Ongoing adjusted earnings per share before goodwill, acquired intangibles and non-operating items increased 13.3% to 61.3p from 54.1p, which was an improvement of 8.1% on a currency neutral basis.
Annuity income as a percentage of total operating income amounted to 76.3%, up from 72.0% year-on-year.
The company’s credit loss charge as a percentage of average gross core loans and advances amounted to 0.26%, down from 0.29% and remaining at what the board called the lower end of its long-term range, despite an increase in impairments.
Third-party assets under management increased 6.5% to £160.6bn, or an increase of 6.2% on a currency neutral basis.
Customer deposits were ahead 6.5% to £31.0bn, or up 5.9% at constant currencies.
Core loans and advances rose 11.6% to £24.8bn, or an increase of 11.0% on a currency neutral basis.
The board said the UK legacy portfolio also continued to be actively managed down, with the portfolio reduced to £313m, from £476m at 31 March 2017, through asset sales, redemptions and write-offs.
Investec said the legacy business reported a loss before taxation of £93.5m, widening from £64.6m year-on-year, reflecting an increase in impairments for accelerated exits anticipated to occur on certain legacy assets.
On the balance sheet, the firm said its capital remained in excess of current regulatory requirements.
The group was said to be “comfortable” with its common equity tier 1 ratio target at a 10% level, as its current leverage ratios for both Investec Limited and Investec plc were above 7%.
Both Investec Limited and Investec plc reported a common equity tier 1 ratio ahead of that target.
Liquidity remained “strong”, the board added, with cash and near-cash balances amounting to £12.8bn.
The board proposed a final dividend of 13.5p per ordinary share, equating to a full-year dividend of 24.0p - up from 23.0p in 2017.
That resulted in a dividend cover, based on the group's adjusted earnings per share before goodwill and non-operating items, of 2.2x, consistent with the group's dividend policy.
The dividend increase of 4.3% was in line with the currency neutral increase in adjusted earnings per share of 4.1%.
“Operating performance during the year was underpinned by sound growth in loans and funds under management and a solid recurring income base, despite a challenging backdrop in South Africa and the UK,” said chief executive Stephen Koseff.
“The Wealth & Investment and Asset Management businesses generated substantial net inflows, with Asset Management exceeding £100bn of funds under management for the first time.”
Koseff said the Specialist Bank continued to see “good” client acquisition in its core franchise businesses, which Investec had built and developed over a number of years.

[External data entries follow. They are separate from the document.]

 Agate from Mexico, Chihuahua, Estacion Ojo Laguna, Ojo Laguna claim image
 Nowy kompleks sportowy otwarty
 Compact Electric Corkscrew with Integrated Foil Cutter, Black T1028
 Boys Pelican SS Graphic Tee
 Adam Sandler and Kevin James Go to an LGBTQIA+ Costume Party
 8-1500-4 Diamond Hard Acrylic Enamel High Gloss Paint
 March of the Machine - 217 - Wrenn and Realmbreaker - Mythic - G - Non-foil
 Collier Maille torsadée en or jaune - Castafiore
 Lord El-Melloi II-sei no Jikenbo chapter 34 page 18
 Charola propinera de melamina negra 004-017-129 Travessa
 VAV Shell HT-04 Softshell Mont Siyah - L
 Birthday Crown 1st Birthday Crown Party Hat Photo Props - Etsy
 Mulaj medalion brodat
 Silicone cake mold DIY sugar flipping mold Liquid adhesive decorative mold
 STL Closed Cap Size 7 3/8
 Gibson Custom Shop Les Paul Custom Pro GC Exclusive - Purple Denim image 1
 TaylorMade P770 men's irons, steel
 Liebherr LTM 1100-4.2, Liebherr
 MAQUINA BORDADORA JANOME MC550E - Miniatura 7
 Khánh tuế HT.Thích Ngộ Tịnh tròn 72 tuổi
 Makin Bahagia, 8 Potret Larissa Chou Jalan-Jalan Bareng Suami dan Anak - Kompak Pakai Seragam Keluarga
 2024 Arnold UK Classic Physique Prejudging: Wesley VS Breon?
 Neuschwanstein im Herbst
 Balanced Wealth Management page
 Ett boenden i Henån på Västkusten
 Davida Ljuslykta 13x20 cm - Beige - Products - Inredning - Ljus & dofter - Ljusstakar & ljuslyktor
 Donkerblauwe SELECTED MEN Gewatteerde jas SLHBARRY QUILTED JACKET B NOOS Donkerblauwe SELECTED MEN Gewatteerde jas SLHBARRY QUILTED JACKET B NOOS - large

“We have implemented an orderly succession plan and feel confident that we are handing over a business that is well placed to continue to grow both its market position and profitability over the foreseeable future.”
Managing director Bernard Kantor added that over the last 40 years the company had been building a platform that was capable of being leveraged for further growth.
“Investec is now a meaningful player across many business areas, both in the UK and South Africa, and we believe the platform is robust, relevant and well positioned for future value creation.
“We are confident that Hendrik du Toit and Fani Titi, as joint chief executives from October, will lead Investec to new successes for the benefit of shareholders and all our stakeholders.”